Fifty five Marines from Camp Pendleton, Barstow, Miramar and Marine Corps Recruit Depot in San Diego were part of the studio audience along with approximately 300 other servicemembers stationed in Southern California and as far away as Alaska.
The Marines were entertained by Leno, The Tonight Show Band, comedians Rob Schneider and Steve Marmel and a host of unique and often quirky cast of talented servicemembers.
Leno and the producers of the show sifted through dozens of submissions from each of the services to come up with the night's talent line up.
Marine Pfc. Amy Collingwood entertained the audience with her unique ability to hear a sentence and repeat it backward. During the show, Leno dictated a few sentences to Collingwood and had producers display the text on the screen for the viewers to read along. Collingwood immediately repeated Leno's words in what seemed like a foreign language or like the sound on a tape recording played backward.
"She was extremely entertaining, was relaxed and did an outstanding job representing the Marine Corps," said LCpl. David B. Bailey, combat correspondent, Marine Corps Air Station Miramar, of Collingwood's performance. "She showed the American people that Marines are not just tough grunts, she showed that we also have brains in our operation as well."

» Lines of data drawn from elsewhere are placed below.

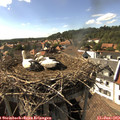 16_35-nest.jpg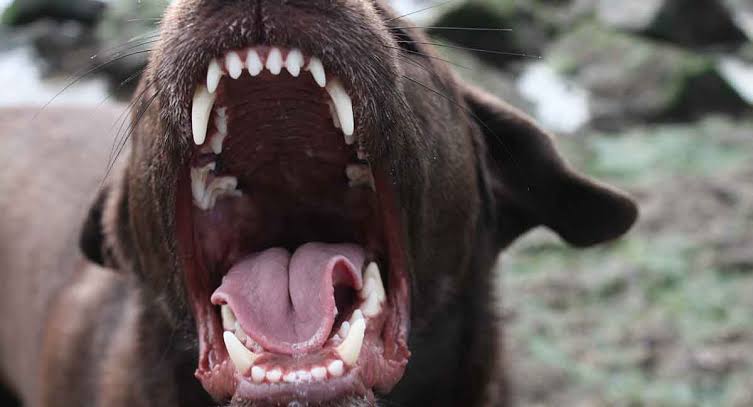 Uber Eats driver attacked by dog during Christchurch delivery (graphic content)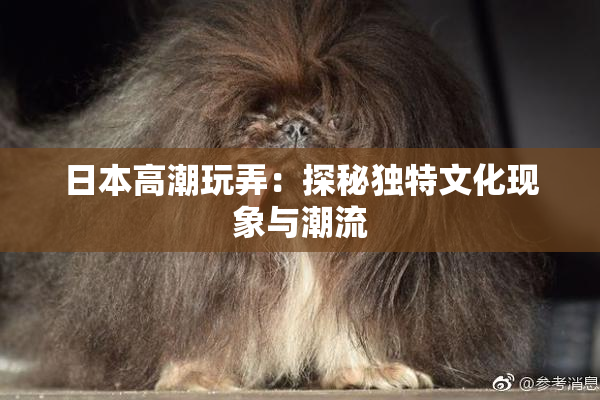 日本高潮玩弄：探秘独特文化现象与潮流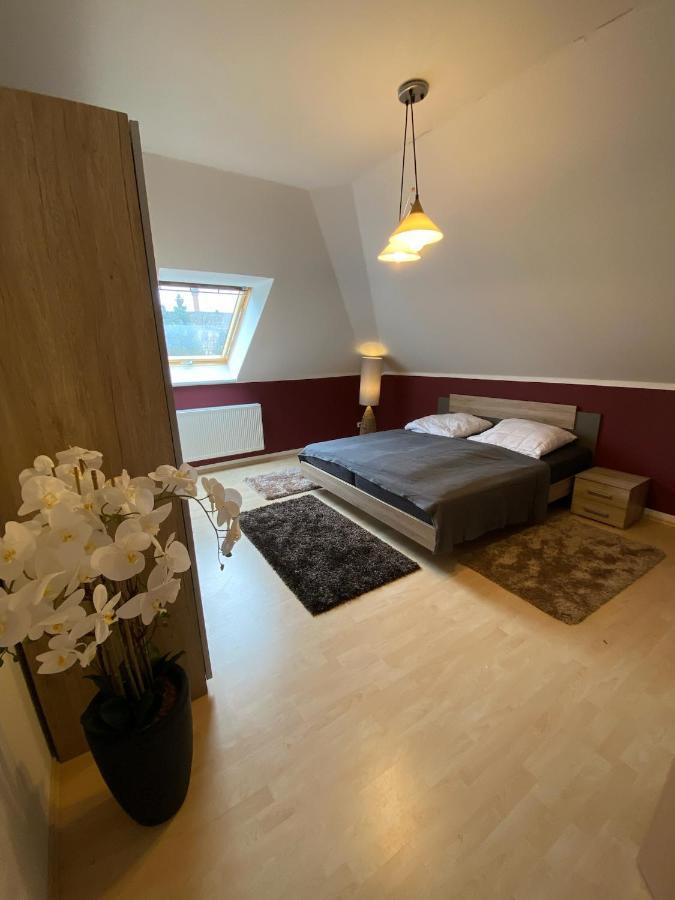 Ferienwohnung Oelzschau - Urlaub Im Leipziger Neuseenland Rötha Exteriér fotografie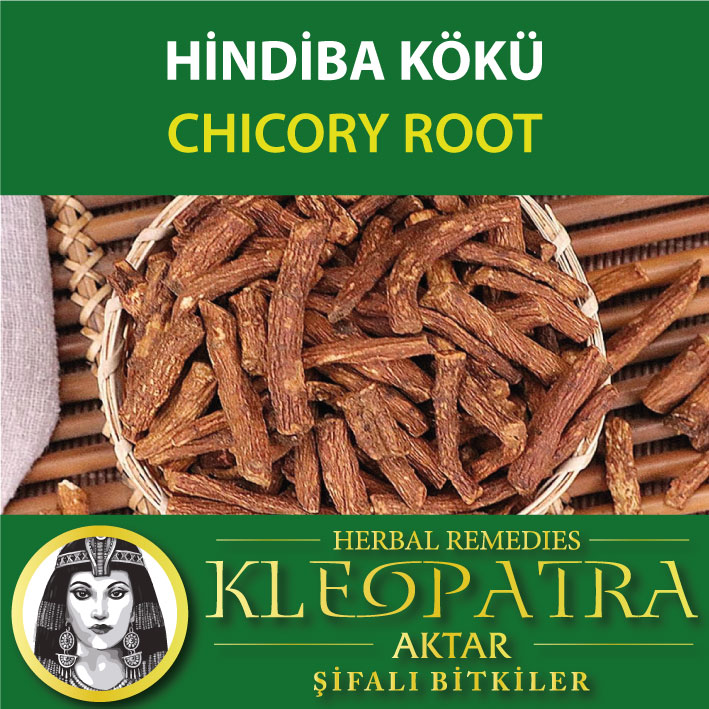 HİNDİBA KÖKÜ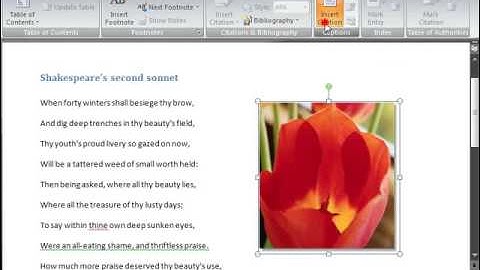 Microsoft Word 2007 ENG TB 05 13 Insert Figure Caption
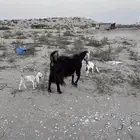 عنز رغوث معها 2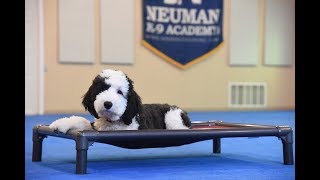 Manny (Sheepadoodle) Boot Camp Puppy Training Demonstration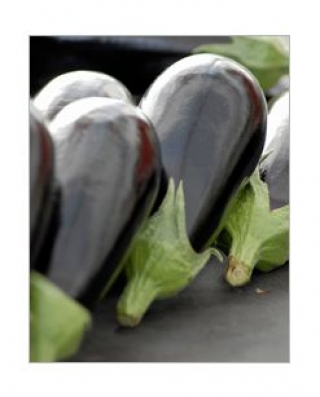 img-1: Баклажан Блек Перл F1 - ООО «Семена Тут»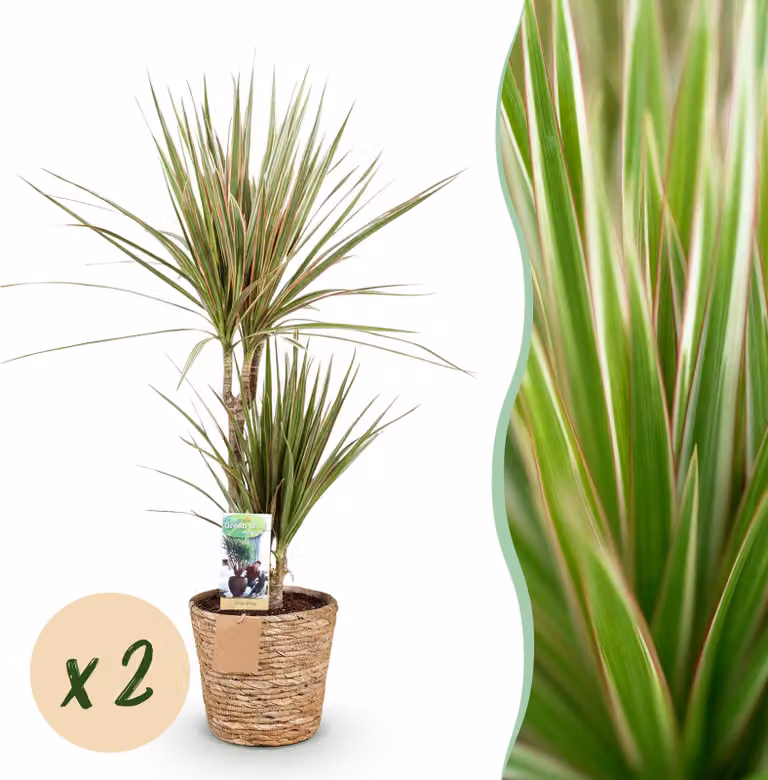Dracaena Sunray - Albero del drago - Bassa manutenzione - con cesto - Verde - 2 piante - 70-75cm - Ø17cm - Pianta d'appartamento - Sempreverde
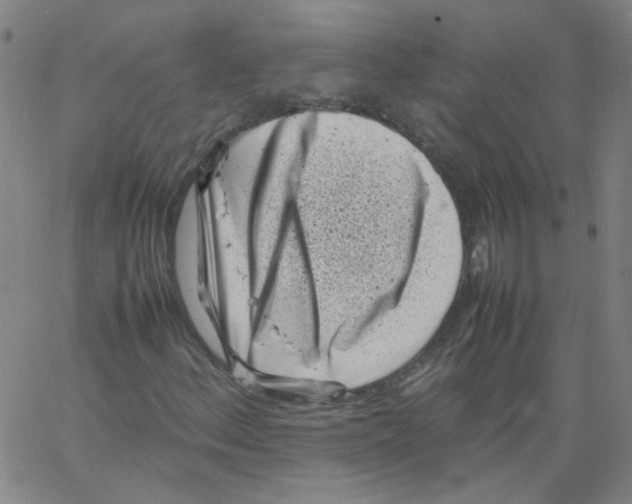 X0000066101156200604071815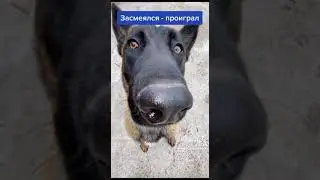 мем(2)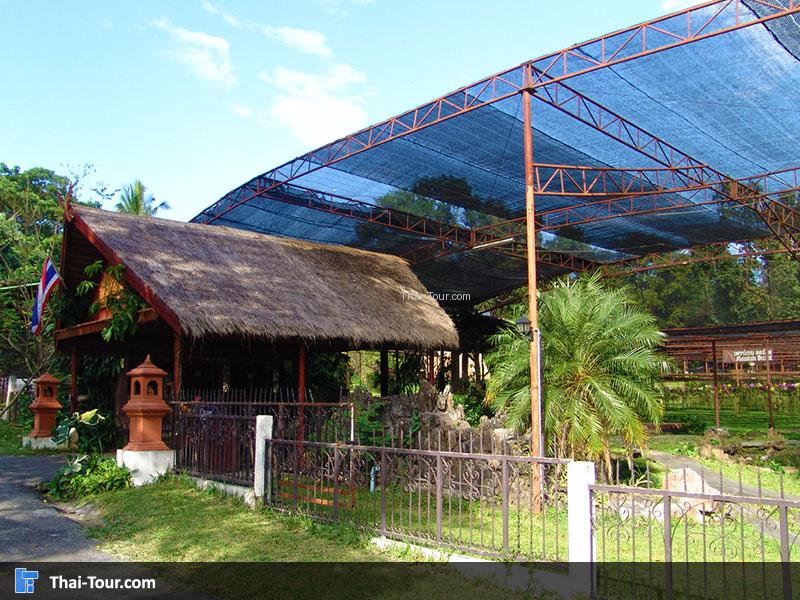 สวนกล้วยไม้เมาท์เท่น ออคิด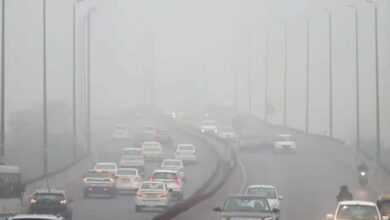 Fog 'wreaks havoc' across North India including Delhi, hundreds of flights and trains affected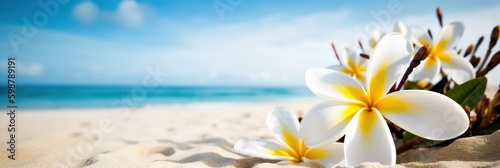 Plumeria (Frangipani) on tropical sea and beach blue sky background, Summer festive time. Generative AI © CYBERUSS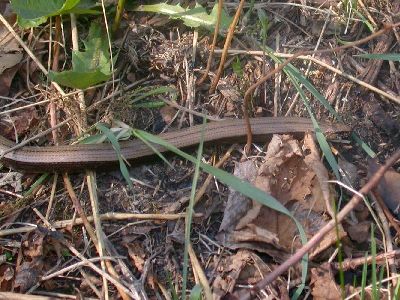 Anguis fragilis [Famille : Anguides]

According to Collingwood, her relaxed appearance belied the nervousness she was feeling in the pit of her stomach just prior to going on stage. "I wasn't just representing myself with my performance," said Collingwood. "I was representing the Marine Corps."

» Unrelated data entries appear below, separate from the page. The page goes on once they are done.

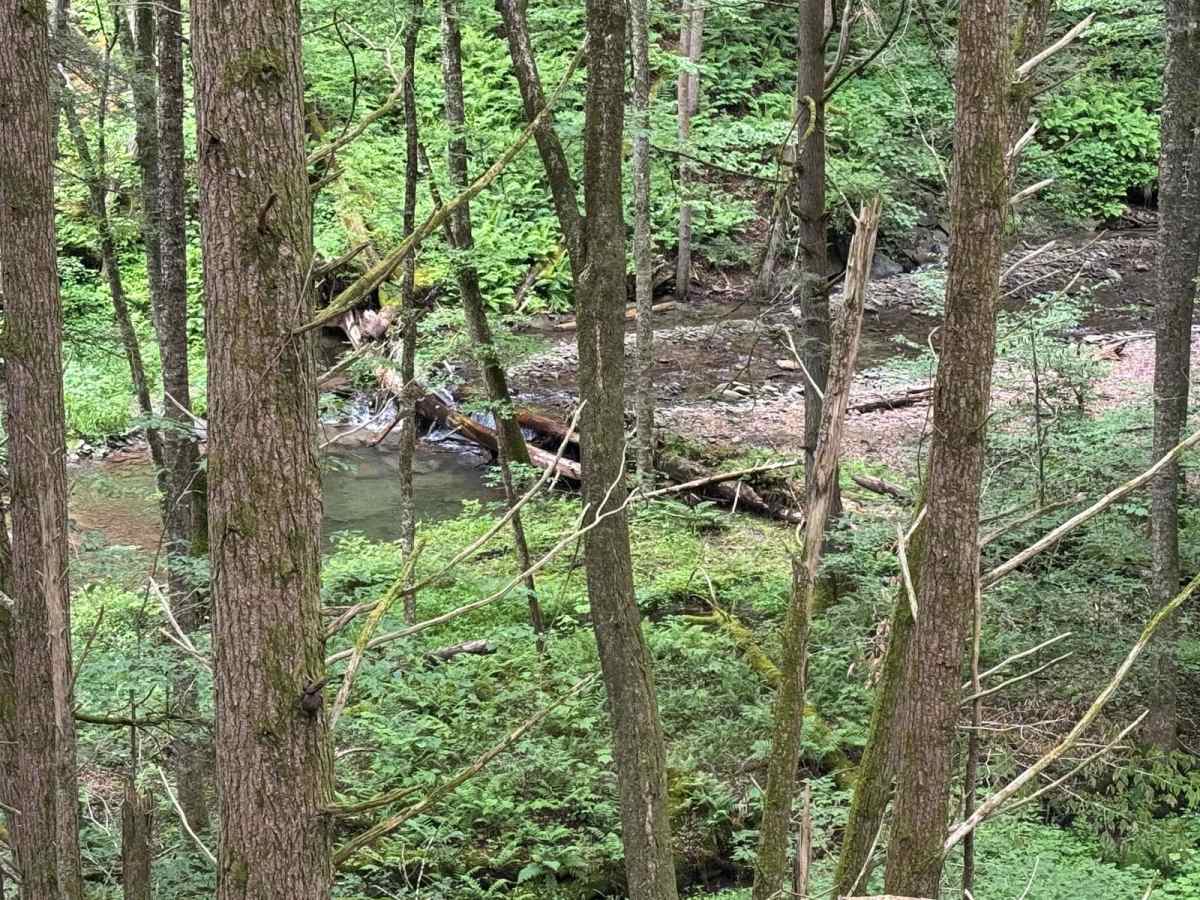 West Trout Brook Road photo 6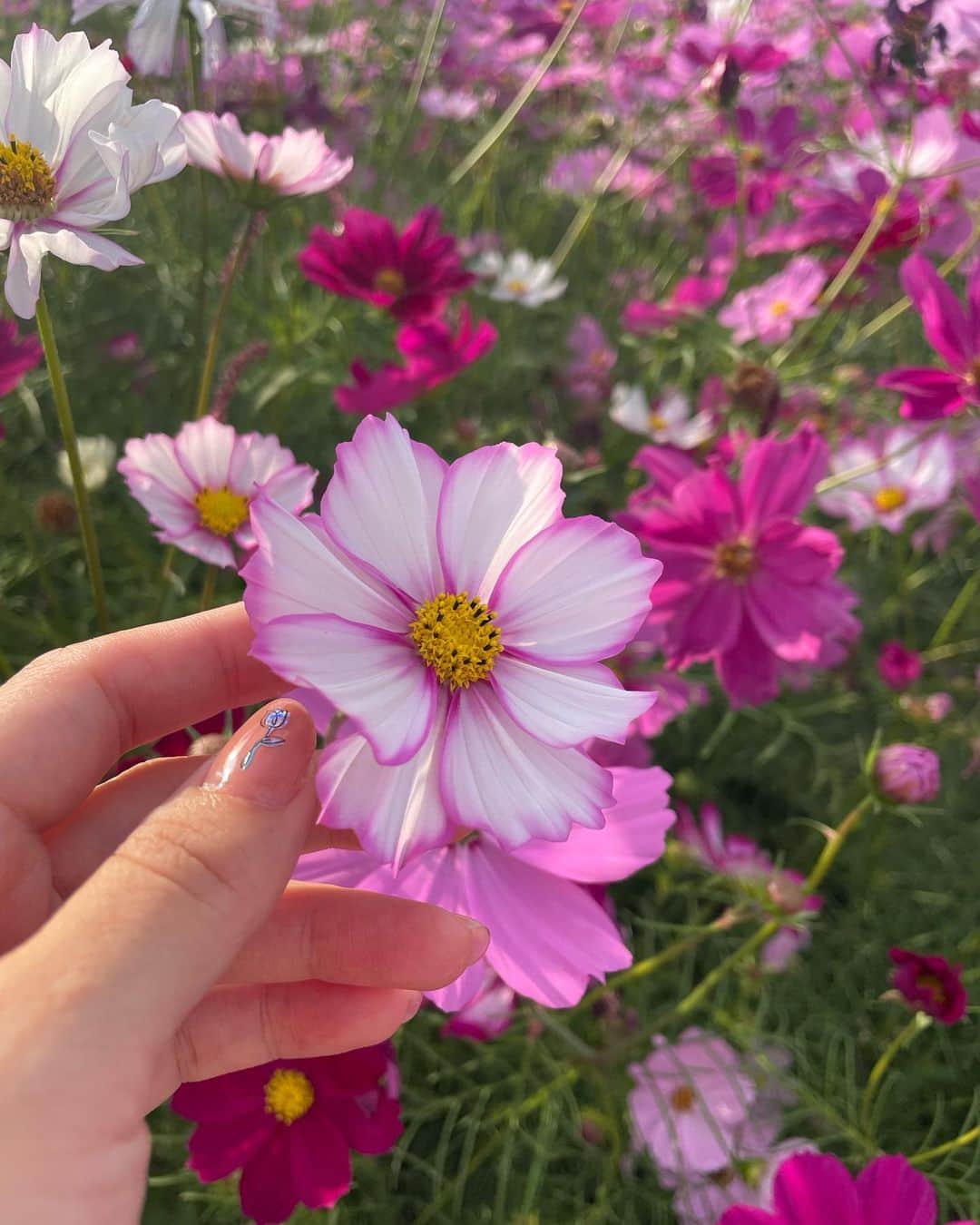 原直子さんのインスタグラム写真 - (原直子Instagram)「キリンビール福岡工場のコスモス！ 今がまさに見頃でした！  広大な敷地にピンクや白のコスモスが一面咲いていて、まさにピンク色の絨毯！ 一角に集まって咲いてるのかなぁ〜と思っていたら、とっても広くて軽くお散歩出来ます。 まさに今が見頃だったので、お近くの方は是非！  帰りに基山パーキングエリア(上り)でもこもこソフトと鯛焼きを頂きました。  #キリンビール福岡工場  #コスモス畑  #福岡コスモス #福岡お出かけ #福岡ドライブ」10月22日 21時17分 - naoko_15_hara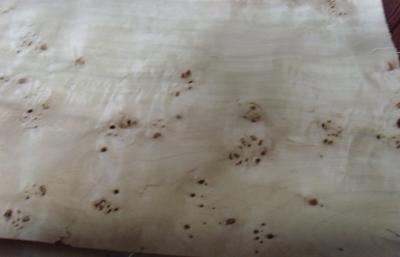 China Natural Burl Furniture Wood Veneer Poplar With AA / A / AB Grade for sale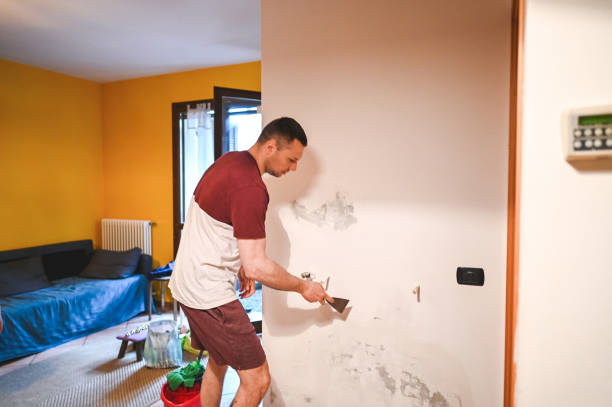 Mold Removal and Inspection in Opelika, AL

Collingwood recently graduated recruit training at Parris Island, SC, and is scheduled to utilize her skill with words for the benefit of the Marine Corps. She will be attending the Defense Language Institute in Monterrey, Calif. next summer.
Collingwood, who is currently a recruiter's assistant in her hometown, Sarasota, FL, said her performance on the show has earned her celebrity status at home. The local media quickly picked up on her story and many in her community now recognize her as the "that person who talks backward," said Collingwood.
According to Collingwood, her celebrity has made things easier for her as a recruiter assistant. "The experience has opened a lot of doors to conversation and has has allowed me to talk about the many opportunities that exist for women in the Marines."
Tech. Sgt. Kenneth C. Trimmins, Air Force Concert Band and the Jazz Ensemble, showed off his ability to play two trumpets at the same time. The United States Army Field Band percussion section performed a comic spoof of the "Riverdance" routine using combat boots and a drumming log. Navy Personnelman 3rd Class Roger Smith performed various tricks while riding his unicycle, and members of a Coast Guard band performed N. Rimsky-Korsakov's classical piece, "The Flight of the Bumble-Bee" while running around the stage.
Leno, an honorary Navy Petty Officer, said the intent of the show was not only to thank the members of the Armed Forces, but also to entertain the troops and television viewers in a unique way.
The show was taped the day prior and broadcast on Thanksgiving to servicemembers serving in bases overseas and aboard Navy ships stationed in the Arabian Sea.